Prior to the World Trade Organisation's 5th ministerial conference in 
Cancún, Mexico, Brazil's Foreign Minister Celso Amorin said there was the 
impression that the fight for social justice had taken place outside the 
hall. Now, he said, the fight for social justice is also going on inside 
the WTO.

And, inside the hall at Cancún, an historic battle was waged and won. It is 
historic not just because it blocked the agenda of the rich industrialised 
nations, but for the heightened understanding, unity and determination of 
the developing countries.

Amorin was speaking at a press conference organised by the Group of 21 
(G21) developing countries. The 21 countries represent more than 50 per 
cent of the world's population, and more than 60 per cent of the world's 
rural population. They were led by Brazil, India, China and include Cuba, 
South Africa, Indonesia, Argentina, Costa Rica, Ecuador, Venezuela, Mexico, 
Egypt, Peru, Guatemala, Philippines and Thailand.

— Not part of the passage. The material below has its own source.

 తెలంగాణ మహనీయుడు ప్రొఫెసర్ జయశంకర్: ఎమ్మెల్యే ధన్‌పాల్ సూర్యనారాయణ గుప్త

It is a coalition of the poor who were determined to fight to the end 
against discriminatory subsidies paid to the farmers of the rich, developed 
countries. And that is what they did.

From the start, the ministerial meeting (September 10-14) was doomed to 
fail. The draft text pushed the agenda of the industrialised nations and 
ignored the demands of the developing countries. It was to be business as 
usual, with the undemocratic, secretive processes of the WTO in full swing 
— right down to the personal cajoling phone calls from George Bush to 
heads of governments.

The US, the European Union, Canada and Japan, known as the "Quad", were the 
prime operators, trying to enforce their agenda with the help of WTO 
officials.

For the G21 and many other poorer countries, agriculture is a matter of 
"life or death".

In the streets outside of the meeting thousands of farmers and Indigenous 
people demonstrated. A Korean farmer took his own life outside the hall — 
so intense is the opposition of the people of the developing countries.

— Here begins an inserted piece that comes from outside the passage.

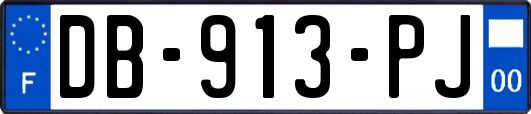 DB-913-PJ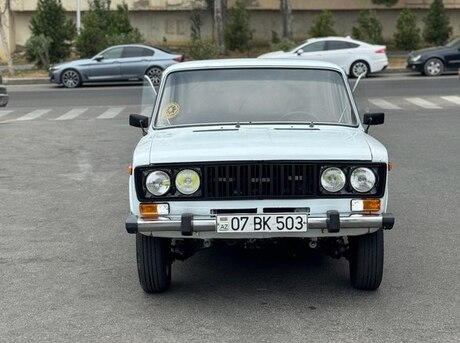LADA (VAZ) 2106 1982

Thousands of others took part in conferences, street actions and other 
protests in the lead-up to and during the meeting in Cancún and around the 
world.

Huge subsidies

The G21 pointed to the failure of the WTO to act on the more than US$300 
billion in subsidies paid every year to the world's wealthiest farmers 
which undermine the livelihoods of millions of poor farmers around the 
world.

The EU and the US steadfastly refuse to remove these subsidies and open up 
their markets to imports at the same time as expecting developing countries 
to make huge reductions in tariffs on their imports.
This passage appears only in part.